Russell Moore offers a timely opinion piece here entitled "Apocalypse at Christmastime", properly reminding us that contemporary "Christmas imagery is more shaped by Currier and Ives than by apostles and prophets" ....
.... Isn’t there something kind of, well, unseasonable about teaching, at this time of year, about a Christ who bears a sword and a cosmic entourage, who prepares his people a messianic banquet and then prepares for the birds a banquet of the flesh and blood of his enemies (Rev 19:17-19)? It is hard to imagine Tiny Tim exclaiming “God bless us every one” after hearing about southern-fried Gog and Magog.

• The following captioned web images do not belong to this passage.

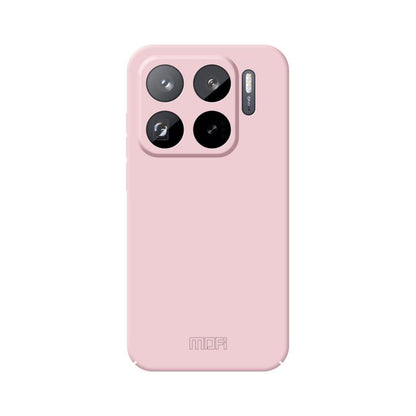 MOFI Qin Series Skin Feel All-inclusive PC Phone Case, For Xiaomi 17, For Xiaomi Civi 5 Pro, For Xiaomi 15s Pro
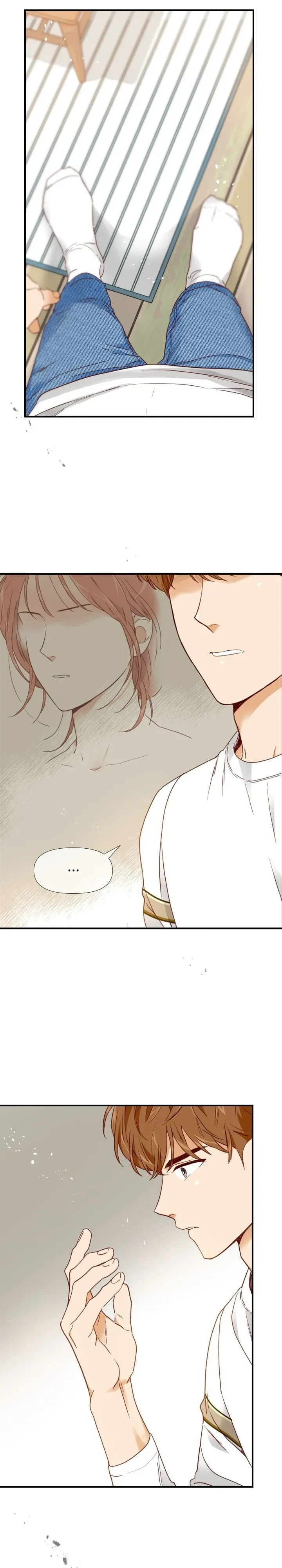 An Hour Of Romance Chapter 91 page 19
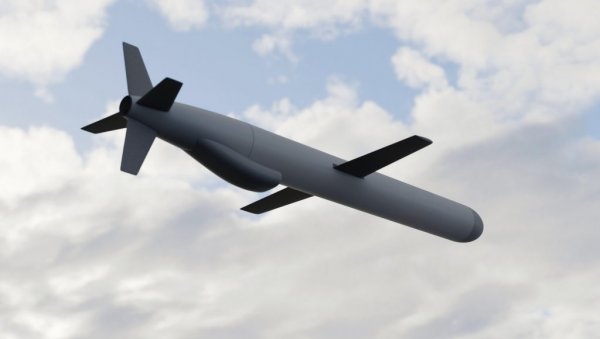 ИРГЦ тврди да је запленио чак 15 неексплодираних америчких пројектила: Томахаwк и АГМ-158 у рукама Ирана?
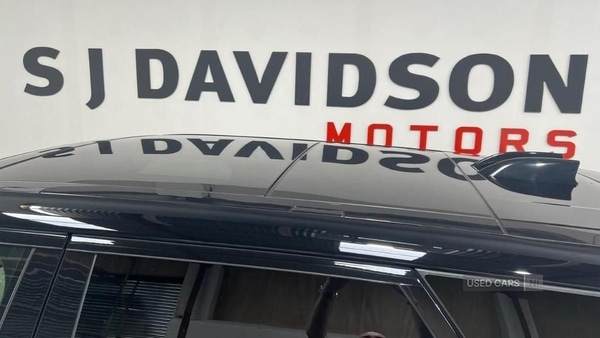 Used Land Rover Range Rover Sport 2024 for sale - 77009386: Photo 4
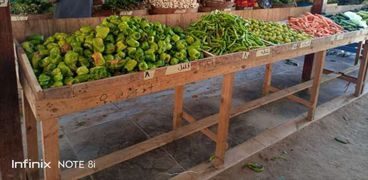اسعار الخضروات والفاكهة الیوم26-6-2023 في الأسواق مستقرة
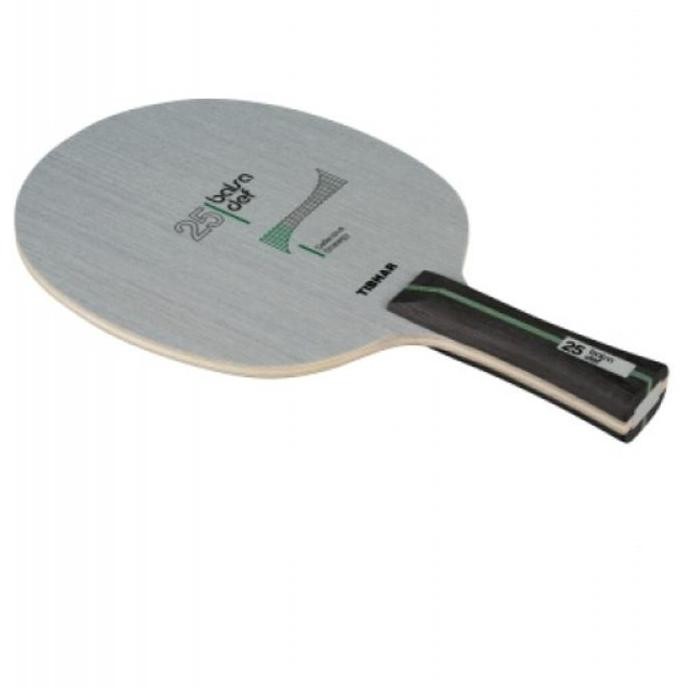 Kayu bet pingpong TIBHAR BALSA DEF 25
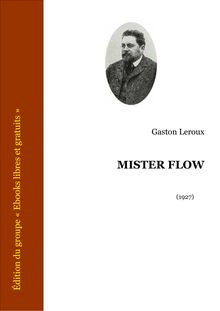 Leroux mister flow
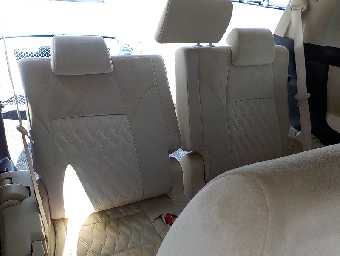 TOYOTA VELLFIRE 2019 Image 17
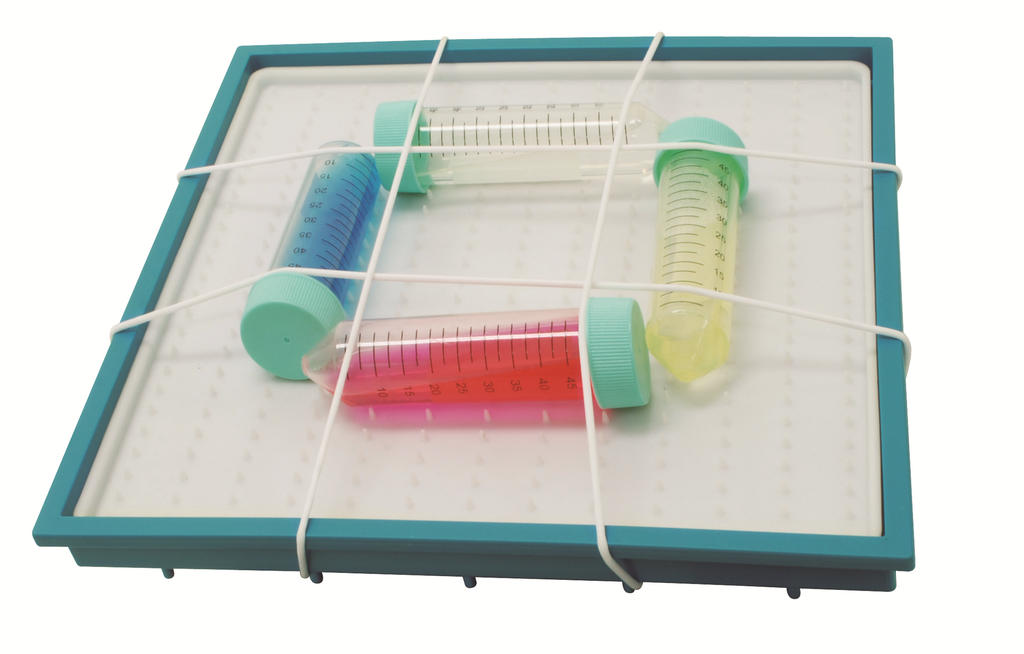 CRS-350 Rocking Shaker KR Plug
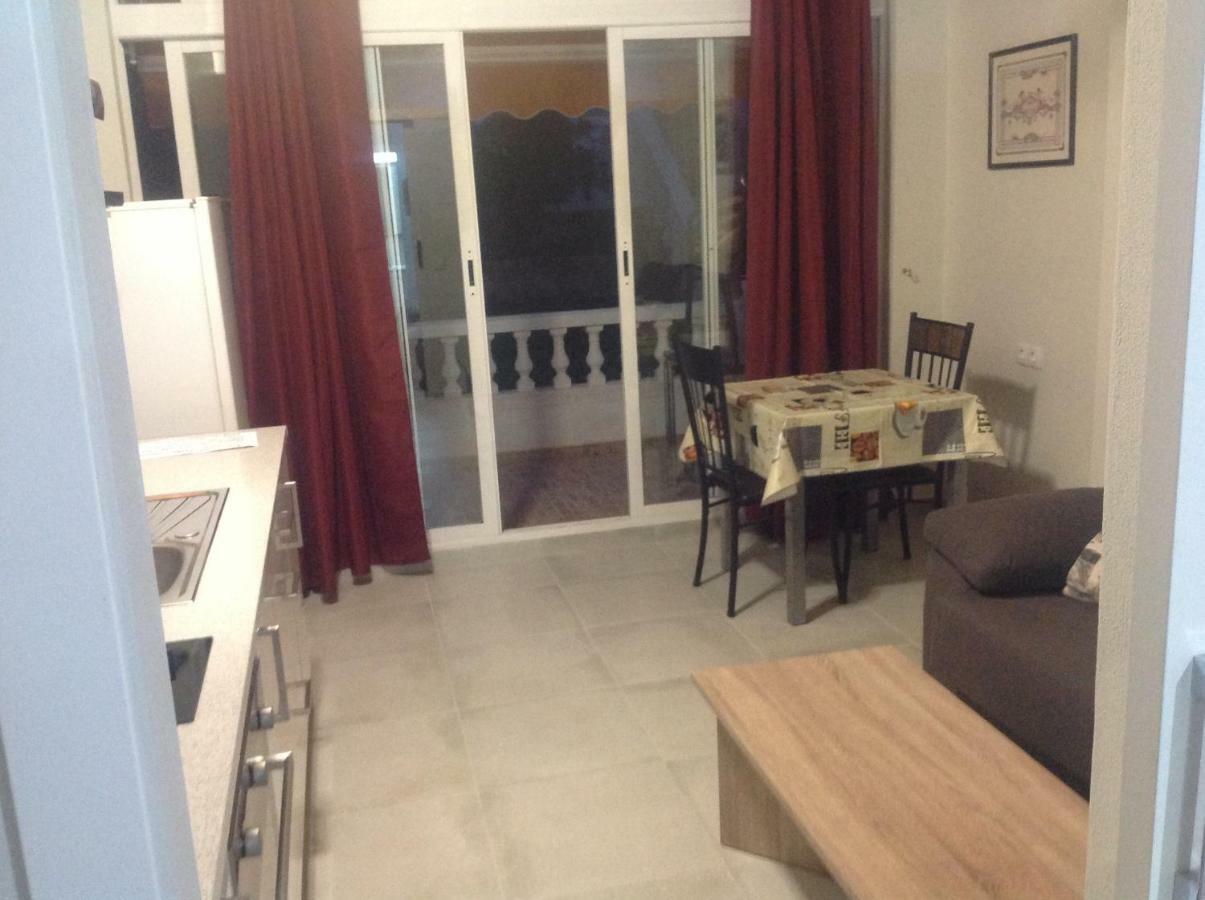 Appartement La Siesta Casa Jenni Benidorm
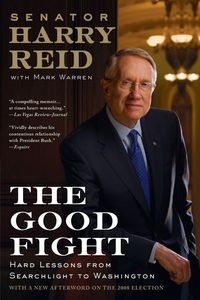 Produktbild: The Good Fight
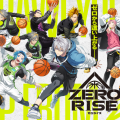 バスケットボールを題材にした『ZERO RISE』のイベントを開催…池袋の「ぐるなび」厳選の10店舗で実施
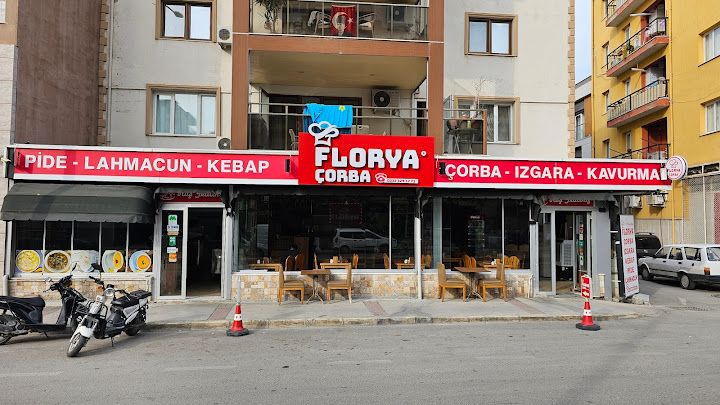 Florya Çorba Pide Lahmacun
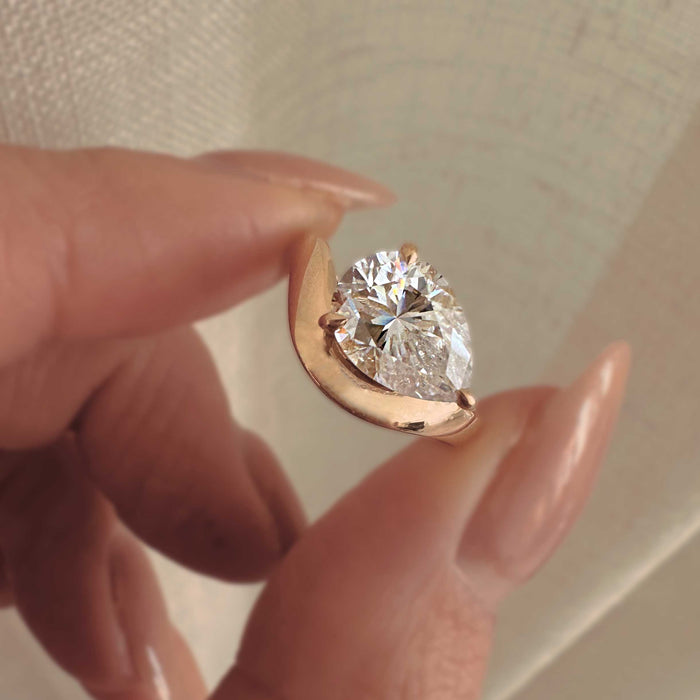 Bespoke piece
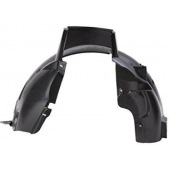 Підкрильник Chevrolet Aveo (T200) 04-06 передній лівий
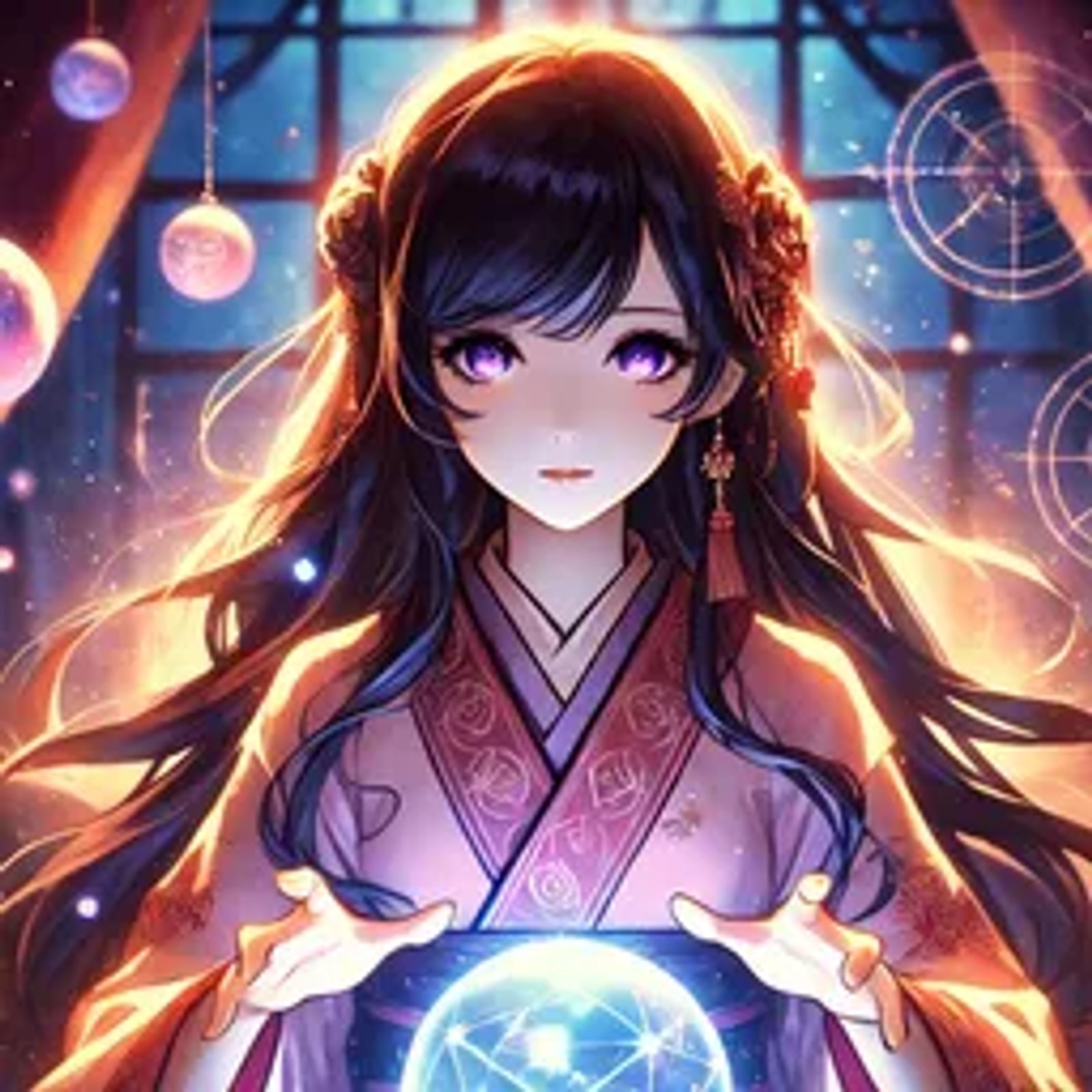 numerology_key_bot Telegram Screenshot 5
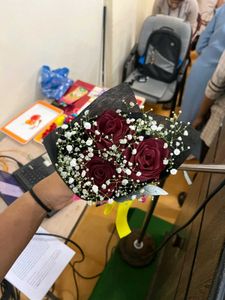 Handmade Flowers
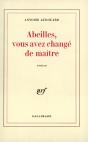 Abeilles, Vous Avez Change De Maitre - Preview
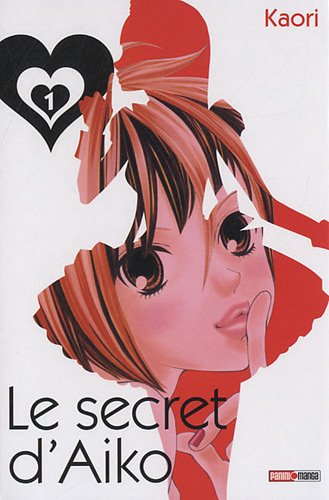 couverture de : [Le ]secret d'Aiko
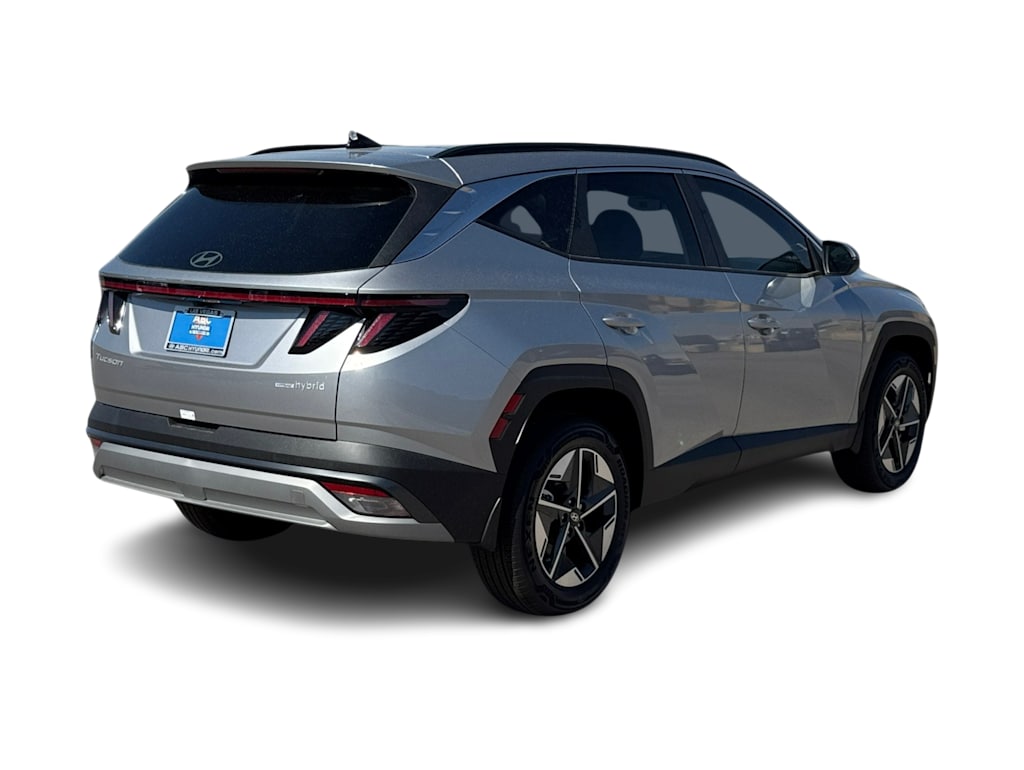 Thumbnail: 2025 Hyundai Tucson - 16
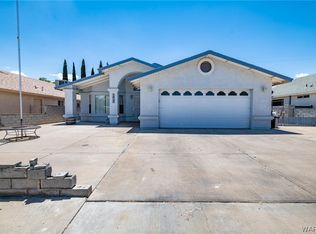 1828 Pacific Ave, Kingman, AZ 86401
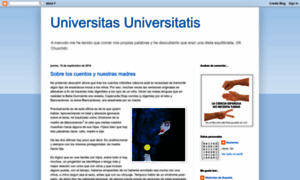 Universitasuniversitatis.blogspot.com thumbnail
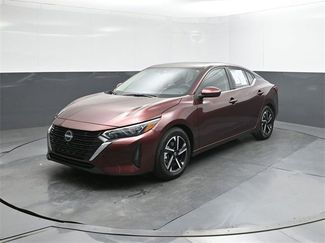 Used 2024 Nissan Sentra SV video 1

... the baby Jesus still exists in the American Christian subculture as a kind of non-threatening mascot for everything warm and sentimental about the holiday season. The only problem with this is that the Bible doesn’t present the baby Jesus as warm or sentimental at all. As a matter of fact, the sentimental Jesus of the Christmas season often chills our evangelistic fervor because we forget that the Bethlehem event is the exact opposite of blessing the good feelings of contemporary American culture.
His commentary is worth reading in entirety to bring us back to stark reality after endlessly watching Ralph finally get his Red Ryder BB gun while George Bailey helps Clarence get his wings. For we "must remember that ultimately we will not coo over him in a cradle beneath us, but give an account to him as our sovereign Judge and give glory to him as our sovereign King."